Stacy Donovan Zapar replied in detail. She said via Twitter that she was “Pretty sure that LinkedIn keeps this stuff under wraps.”

Katrina Collier was sceptical that the opening rate was 25% of all InMails. which makes the cost effectiveness low.  

Stacy clarified, saying that she had been told that published figures were “25% higher than the year before, not 25%  (sic in total) So if the actual response rate was 13%, the new rate was a whopping 16.25%.”

Andy Foote concurred that these numbers would not be widely available. And trust me if they were out there, he would know where to find them. He also points out that it is not widely known that LinkedIn members can set their profiles to be closed to InMail, a systemic weakness which needs to be addressed. It is also not well publicised that InMails can be declined, which is an even greater waste of money and adds to the frustration.

2. Excludes those with low, inconsistent or no income

This feature heavily favours those with enough discretionary income to invest in the additional payment per month. As far as I know there are no discounts for the unemployed.

Marina is a gig worker in the hospitality and event management sector. “I work at a middle management level. This is how the sector is set up with lots of zero hours contracts and freelance workers. My hours are erratic and can be reduced at short notice.
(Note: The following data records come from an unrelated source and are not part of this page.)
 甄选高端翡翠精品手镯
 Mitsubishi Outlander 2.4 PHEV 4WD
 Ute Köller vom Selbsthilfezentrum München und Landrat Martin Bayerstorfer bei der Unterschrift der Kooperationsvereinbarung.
I would struggle to budget for that amount every month.” 

3. Featured candidates are not always right or the best

The featured applicant offering on LinkedIn Premium favours those who can afford to pay the monthly fee and in that way is not inclusive. Placing paying members at the top of a recruiters or hiring managers inbox may also not produce the best candidates, just the ones who can afford to pay for the service. It may reveal some gems, but recruiters should and hopefully do scroll further down.
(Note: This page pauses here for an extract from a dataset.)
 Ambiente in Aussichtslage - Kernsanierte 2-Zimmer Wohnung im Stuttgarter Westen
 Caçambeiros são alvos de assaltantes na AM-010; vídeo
Marina added “I did take advantage of the free month but found I was spammed by recruiters who hadn’t really read my profile who contacted me for much junior roles such as a meet and greet hostess. I would love to see some hard data on how successful InMails really are.  I couldn’t benefit from  the “who had viewed my profile” option because most were in anonymous mode”

Stacy said “It goes both ways. Candidates reach out to random recruiters constantly, asking them to find them a job. They’re not targeted or specific. And recruiters are guilty of the same thing, blasting candidates indiscriminately & generically.  These messages ultimately get ignored.

She recommends:

It could be that LinkedIn Premium is best used for networking and extending your reach outside your own network and asking for insider tips or informational interviews.  The functionality of LinkedIn is changing all the time some of the changes are not always for the better.

But it’s worth trialling the free month to do a test run and see what works for you. In terms of value for money the additional outlay for Business Premium might offer the better ROI.

If you are struggling with a career transition – get in touch


3 thoughts on “Is LinkedIn Premium effective or even discriminatory?

  1. Carine Verdet

    I had maybe 3 to 6 months of LinkedIn premium while looking for a job (and being unemployed). I saw no real difference with the basic account. I mean, no more contacts from recruiters, not so more views (maybe 10% ?), so I stopped, and still saw no difference.
    The only thing I noticed is that daily posts were more ‘seen’ (for what it means in the LinkedIn world) with the premium account.
    Ultimately, maybe my profile is not a good one, or the keywords are not the right ones, or I don’t know what, but I found the money not spent wisely

    1. Dorothy Dalton Post author

      Thanks for your comment Carine. That seems to be a general consensus that LinkedIn Premium is costly and inconsistent.

  2. Michael Wood

    I believe that there are many features of Linkedin that are only available for premium memberships,. However, I suggest not to upgrade unless you feel that you really need it. You can use free profile to explore especially if you are new to the site. Keep posting!